> Directions for this task
The listing below should be printed exactly, every line of it. Skip the pictures.

> Data block
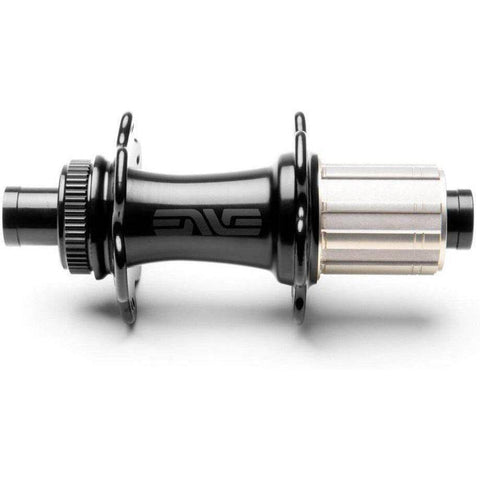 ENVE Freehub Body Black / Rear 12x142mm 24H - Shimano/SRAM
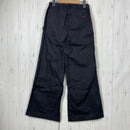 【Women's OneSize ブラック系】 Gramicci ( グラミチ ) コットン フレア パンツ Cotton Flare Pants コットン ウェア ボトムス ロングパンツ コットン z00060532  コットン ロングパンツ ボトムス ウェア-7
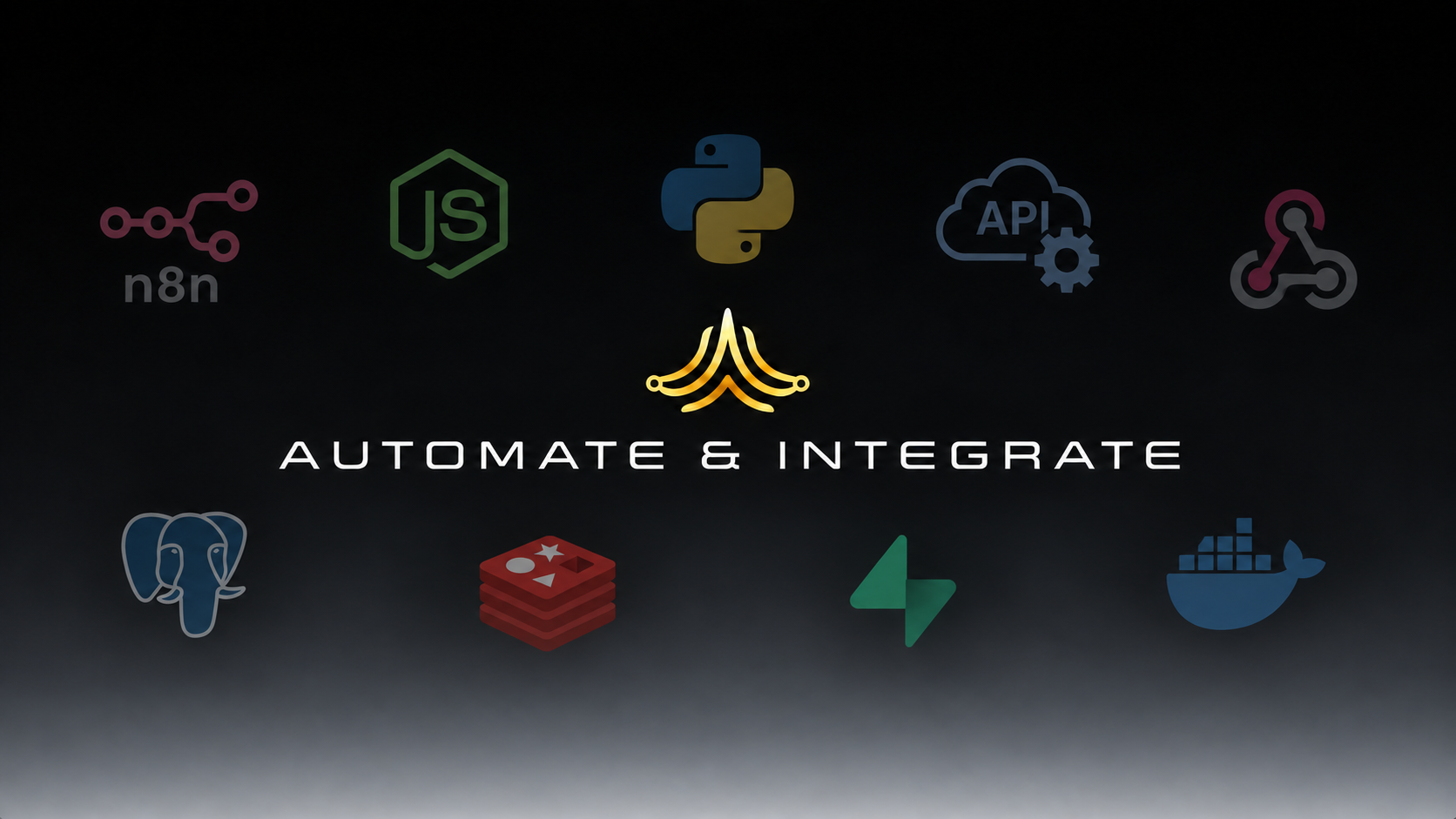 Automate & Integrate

> Expected answer
 ENVE Freehub Body Black / Rear 12x142mm 24H - Shimano/SRAM
 【Women's OneSize ブラック系】 Gramicci ( グラミチ ) コットン フレア パンツ Cotton Flare Pants コットン ウェア ボトムス ロングパンツ コットン z00060532  コットン ロングパンツ ボトムス ウェア-7
 Automate & Integrate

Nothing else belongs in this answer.